Tesla è tuttavia reduce da una stagione difficile che solleva interrogativi sulla sua strategia, sui suoi obiettivi e sulla sua leadership: il titolo ha bruciato il 30% dai massimi dell’ultimo anno. Rbc mantiene un giudizio di “underperform”. E Goldman Sachs incita gli investitori a starne alla larga, affibbiandogli un rating di “sell”, vendere. Il debito dell’azienda resta elevato e una forte crescita è considerata indispensabile a mantenere in salute le sue finanze. Il suo stesso amministratore delegato e fondatore Elon Musk ha nel frattempo sofferto duri colpi d’immagine, finendo al centro di inchieste della Sec per tweet impropri che potrebbero aver violato prima le regole, poi l’impegno a desistere da simili esternazioni. L’azienda ha infine da poco annunciato, in un clima di confusione, la chiusura di tutti i punti di venduta fisici per concentrarsi sulla rete di vendita online.

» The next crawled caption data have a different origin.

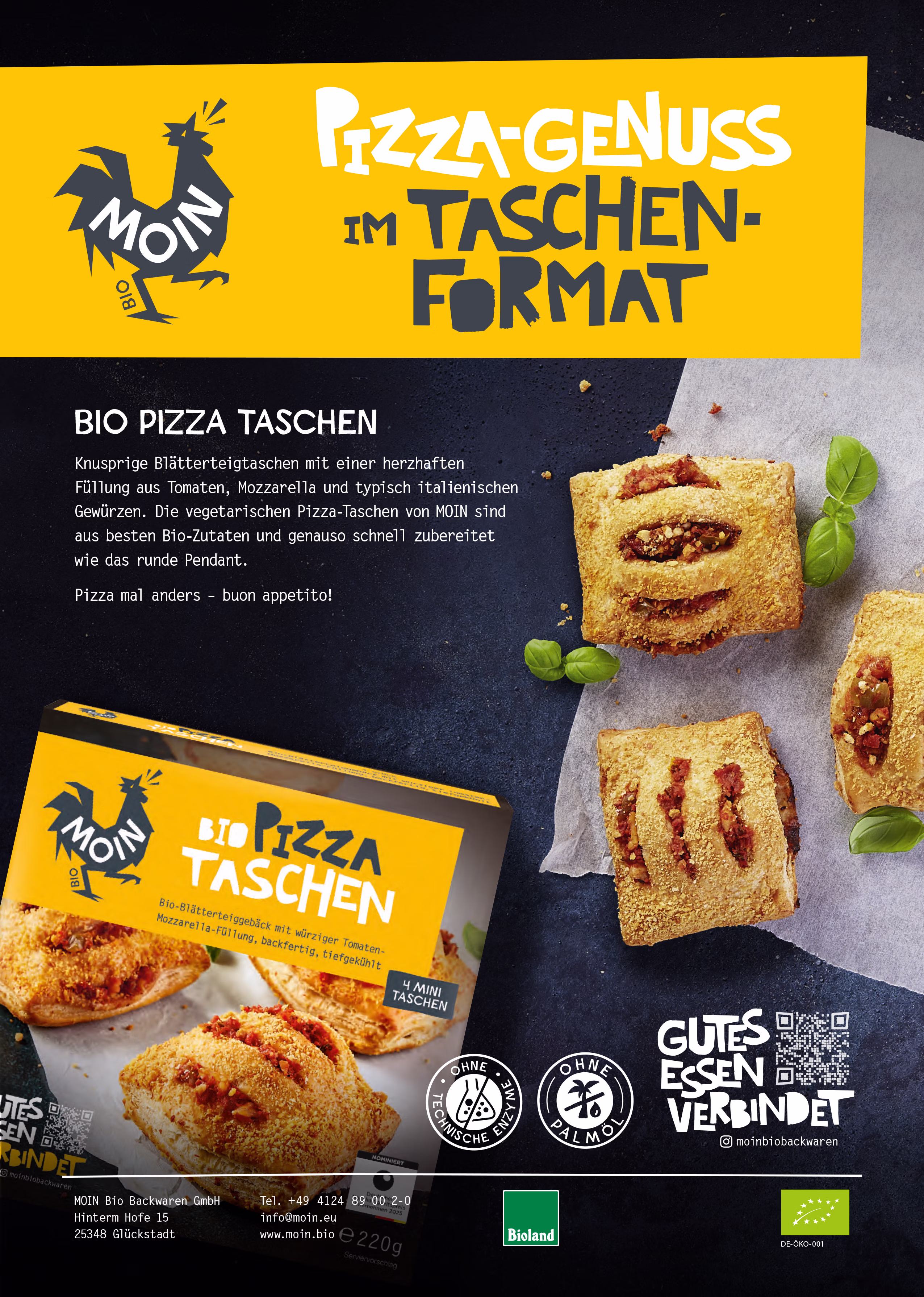 Produktblatt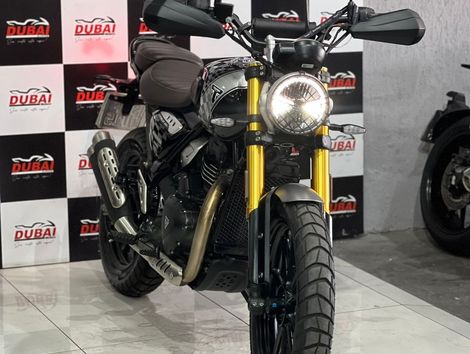 TRIUMPH SCRAMBLER 400X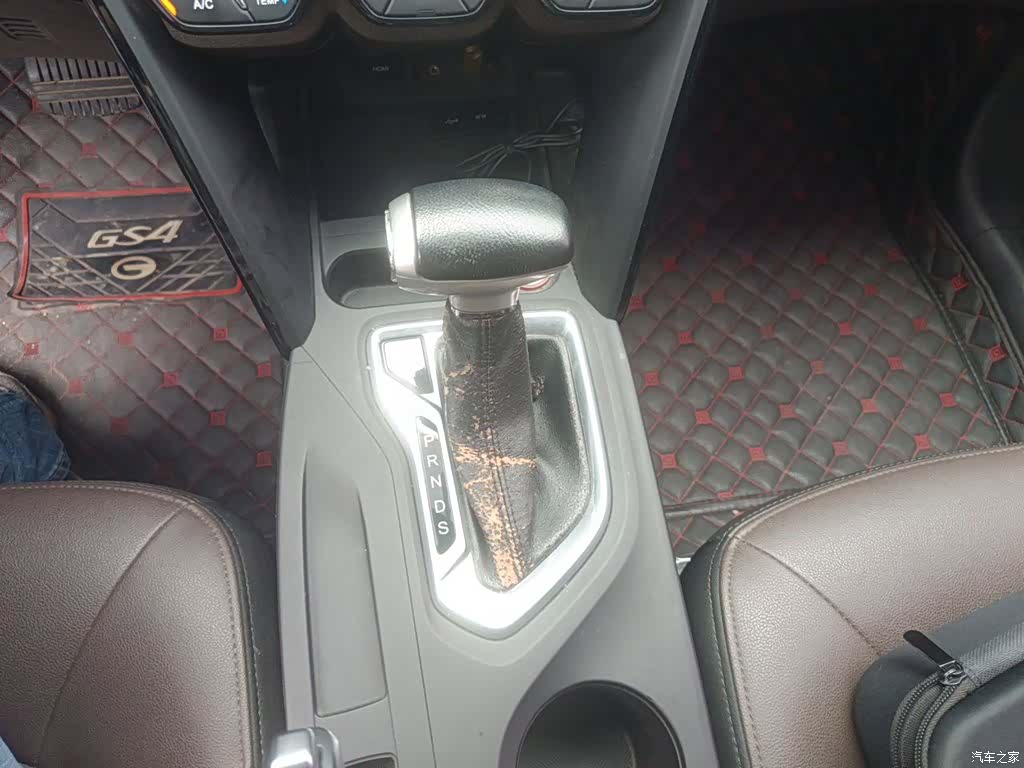 GAC GS4, 2016 7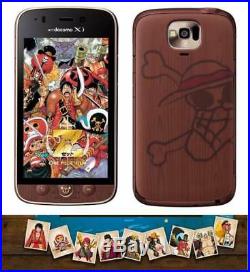Docomo Nec N-02e One Piece Limited Edition Android Smartphone New Unlocked Phone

Lo stato dell’insieme del mercato dell’auto, in frenata ovunque, non aiuta. Le grandi case del settore hanno riportato generali flessioni delle vendite in marzo: collettivamente dovrebbero essere scivolate del 5%, in un mese che tradizionalmente è invece tra i più proficui per gli acquisti. Nell’intero primo trimestre il calo delle vendite dovrebbe attestarsi attorno al 3-4 per cento. Proiettata su base annuale questa debolezza potrebbe vedere nel 2019 volumi di vendita negli Stati Uniti al di sotto della soglia dei 17 milioni di veicoli per la prima volta dal 2014. Gm nel primo trimestre ha denunciato un declino delle vendite del 7%, Fca del 3% e ritirate sono state svelate anche dalle giapponesi Toyota e Nissan.